The old saying is “everything that goes around, comes around.” It is perpetually true for IT. When I started in IT thirty years ago, the IBM representatives were trying to convince all of us young arrogant radicals that the distributed PCs were evil, and that the big mainframe was the only economic answer. They claimed that PCs only used 1% to 5% of the available CPU cycles and wasted storage by requiring us to have copies of everything everywhere. In addition, it cost more to store 1 MB of data on a PC ($20.65/MB in 1982) when compared to a mainframe shared storage system ($.63/MB). Yes, only 63 cents and the cost per CPU cycle was equally weighted in favor of putting the next set of applications on the mainframe with its cheap terminals. But we persisted in going forward with this PC technology anyway.

In the mean time, we spent the last 30 years educating the entire industrial working population on how to use the computer, re-invented network-based printing and spooling, re-invented shared storage—now its called a SAN (Storage Area Network)—and are looking at cheaper end user equipment called thin clients (we called them dumb terminals 30 years ago).

So the corporate culture is coming around again. Now, the corporate prestige of “everyone a PC expert” is gone. People are willing to release their personal grip on the physical technology, realizing that the real value is in what we do with the information. Analysis of information is what creates corporate importance for the professional, not controlling the hardware.

So here comes the full cycle.

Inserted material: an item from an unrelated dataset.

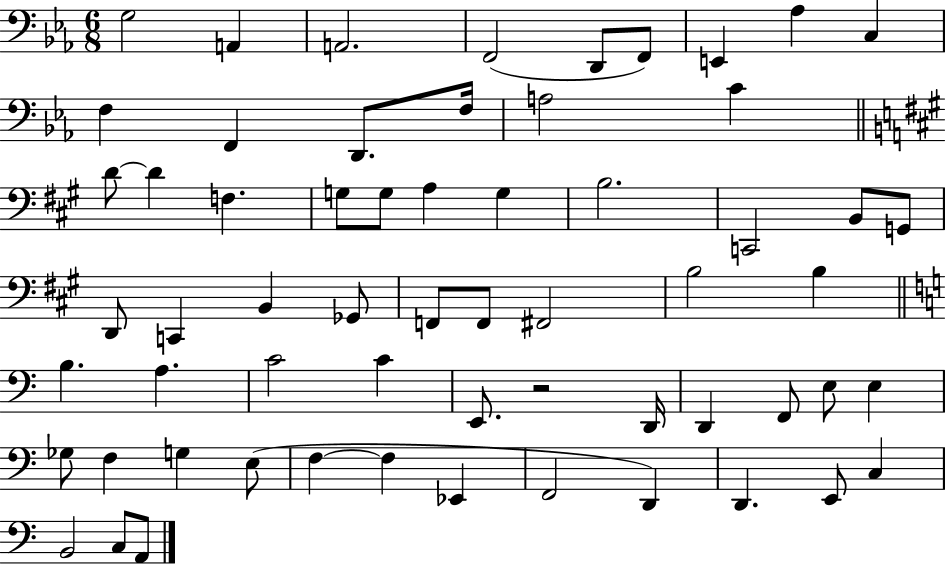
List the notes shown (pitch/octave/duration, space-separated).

G3/h A2/q A2/h. F2/h D2/e F2/e E2/q Ab3/q C3/q F3/q F2/q D2/e. F3/s A3/h C4/q D4/e D4/q F3/q. G3/e G3/e A3/q G3/q B3/h. C2/h B2/e G2/e D2/e C2/q B2/q Gb2/e F2/e F2/e F#2/h B3/h B3/q B3/q. A3/q. C4/h C4/q E2/e. R/h D2/s D2/q F2/e E3/e E3/q Gb3/e F3/q G3/q E3/e F3/q F3/q Eb2/q F2/h D2/q D2/q. E2/e C3/q B2/h C3/e A2/e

We are again realizing that centralized management of information is economically the best way of controlling the rising costs of IT, de-duplication of data is not only cheaper in a “mainframe”-like environment called a “virtual Machine” (VM), but it’s easier to control its safe keeping with centralized backup procedures. And all of this is more economic when managed with a centralized staff of professionals in a managed, secure data center.

After 30 years, it has come around! Oh yeah, 30 years ago they called “Virtual Machines”…“Virtual Machines.”

John Boyd

John Boyd

Every year our technology budgets are asked to do more with less, deflation. But in fact, IT budgets have actually grown steadily by 3-5% over the past 30 years, inflation. IT professionals have reduced the cost per megabyte, cost per CPU cycle, cost per megabit transmitted; but the reality is that we are just using so much more of each that the cost does not go down, instead, usage pressures our budgets to climb.

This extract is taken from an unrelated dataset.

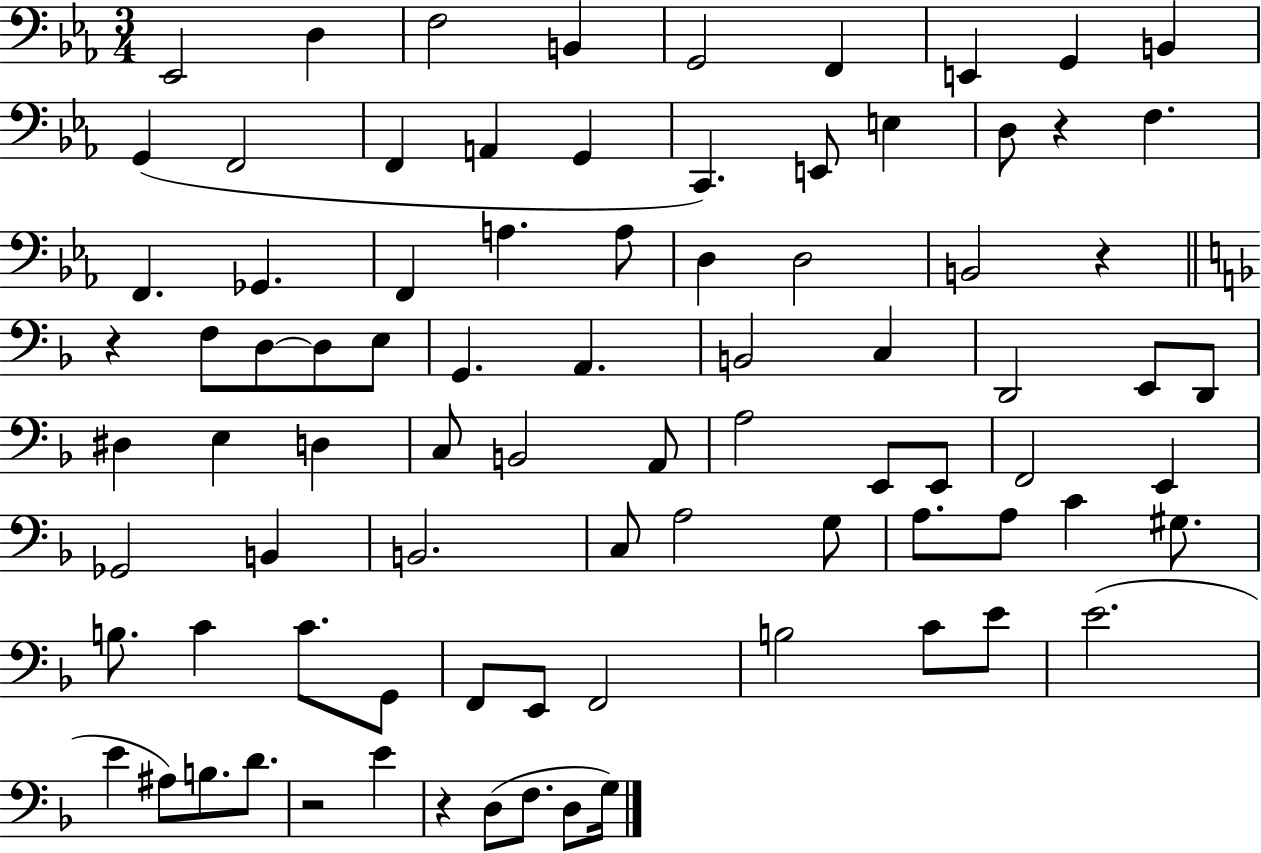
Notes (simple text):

Eb2/h D3/q F3/h B2/q G2/h F2/q E2/q G2/q B2/q G2/q F2/h F2/q A2/q G2/q C2/q. E2/e E3/q D3/e R/q F3/q. F2/q. Gb2/q. F2/q A3/q. A3/e D3/q D3/h B2/h R/q R/q F3/e D3/e D3/e E3/e G2/q. A2/q. B2/h C3/q D2/h E2/e D2/e D#3/q E3/q D3/q C3/e B2/h A2/e A3/h E2/e E2/e F2/h E2/q Gb2/h B2/q B2/h. C3/e A3/h G3/e A3/e. A3/e C4/q G#3/e. B3/e. C4/q C4/e. G2/e F2/e E2/e F2/h B3/h C4/e E4/e E4/h. E4/q A#3/e B3/e. D4/e. R/h E4/q R/q D3/e F3/e. D3/e G3/s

Over-consumption? In some respects. In storage, we are now seeing that new technologies are available to reduce the amount of information we store without making people decide what to keep and what to delete…we all know that we are either pack rats with our information, or just afraid that we will delete the last copy of the funniest email ever!

We have over-consumed in CPU cycles too. We have listened to each of our vendors that threatened us to put their application on an individual server so that the “other” application would not interfere. Well, most of the time, they are the “other” application that was written in haste and without regard for sharing a common environment. This has created a glut of servers congesting our data centers and inflating our use of power to have billions of CPU cycles sitting idle in each individual server, not willing to share the excess with another.

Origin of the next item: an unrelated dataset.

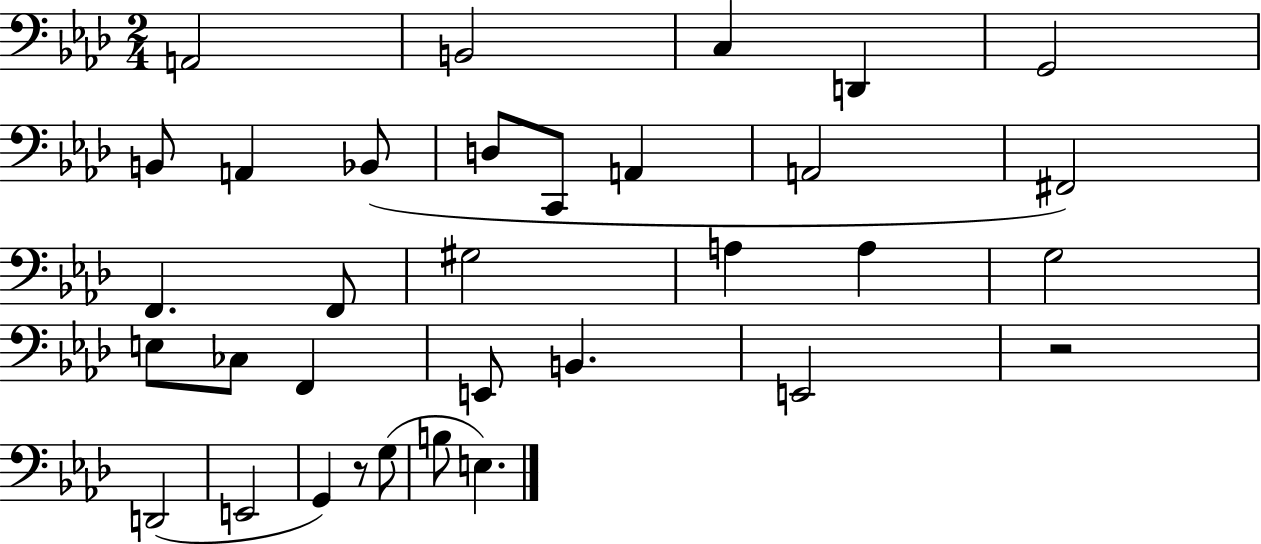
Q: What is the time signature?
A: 2/4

Well, we said inflation is good! And it has been. We now have budget constraints from inflationary use of technology that are driving new solutions. Now that we have created the financial pressures where the current methods of computing are inflating costs out of control, the industry is responding with new methodologies to deal with the environment.

The technology to control the over-consumption of storage is called “de-duplication” on SANs, and it can reduce storage requirements 10-fold.

The CPU challenge is managed with Virtual Machine Technology that allows everyone to play in their own space and not interfere with the “other” application on a common server. This reduces the number of servers and the power required by a factor typically quoted at 5 to 1.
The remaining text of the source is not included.